» **The data**

· · · · · · ·

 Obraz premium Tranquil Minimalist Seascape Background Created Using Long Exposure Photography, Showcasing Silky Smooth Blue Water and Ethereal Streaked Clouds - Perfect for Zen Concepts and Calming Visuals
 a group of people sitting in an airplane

· · · · · · ·

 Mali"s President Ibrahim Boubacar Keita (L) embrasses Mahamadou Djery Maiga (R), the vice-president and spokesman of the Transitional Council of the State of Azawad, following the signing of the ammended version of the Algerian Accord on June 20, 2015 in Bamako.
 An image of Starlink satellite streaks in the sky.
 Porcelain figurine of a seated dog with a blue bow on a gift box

· · · · · · ·

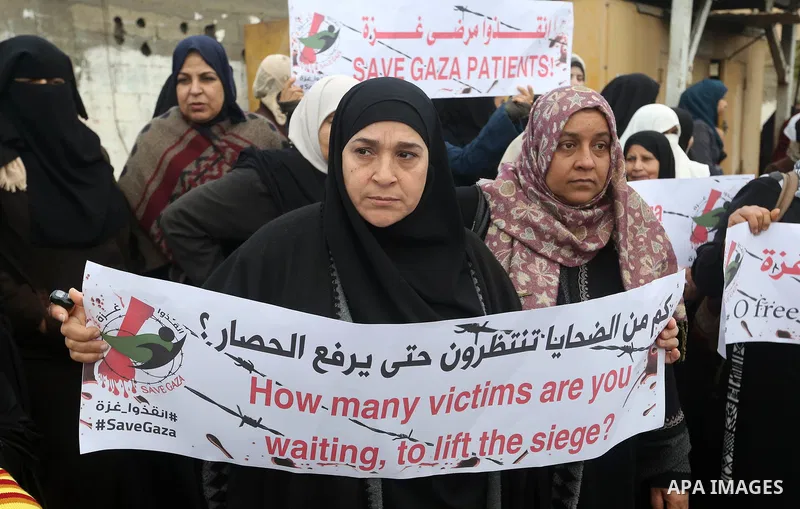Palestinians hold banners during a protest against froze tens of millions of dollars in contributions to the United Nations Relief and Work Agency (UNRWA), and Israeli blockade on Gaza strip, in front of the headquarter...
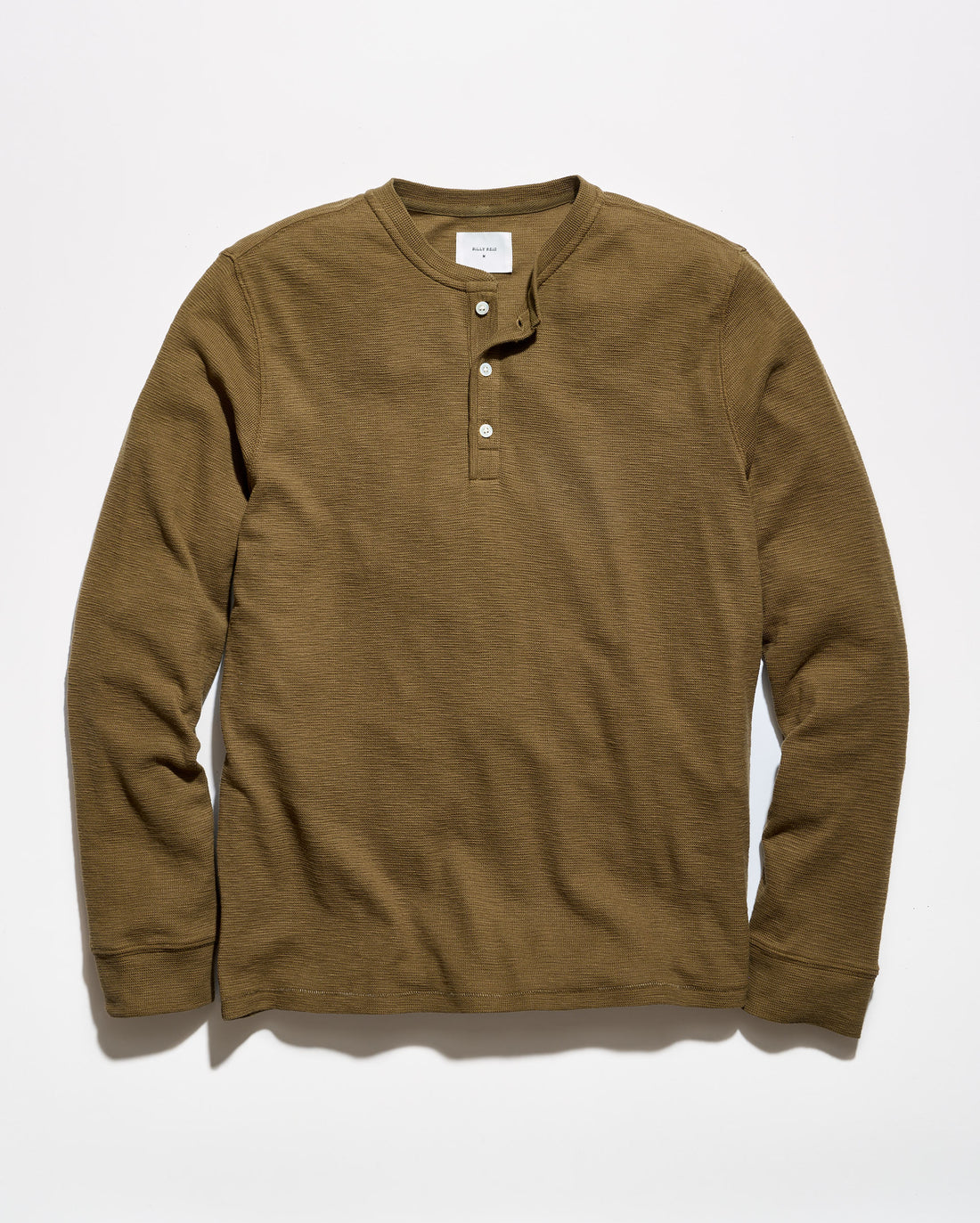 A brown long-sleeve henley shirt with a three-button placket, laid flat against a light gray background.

· · · · · · ·

» **Work required**
Copy the lines above exactly. Start with the line containing "Obraz premium Tranquil", end with the line containing "a group of people sitting in an airplane", and include both.

» **Written response**
 Obraz premium Tranquil Minimalist Seascape Background Created Using Long Exposure Photography, Showcasing Silky Smooth Blue Water and Ethereal Streaked Clouds - Perfect for Zen Concepts and Calming Visuals
 a group of people sitting in an airplane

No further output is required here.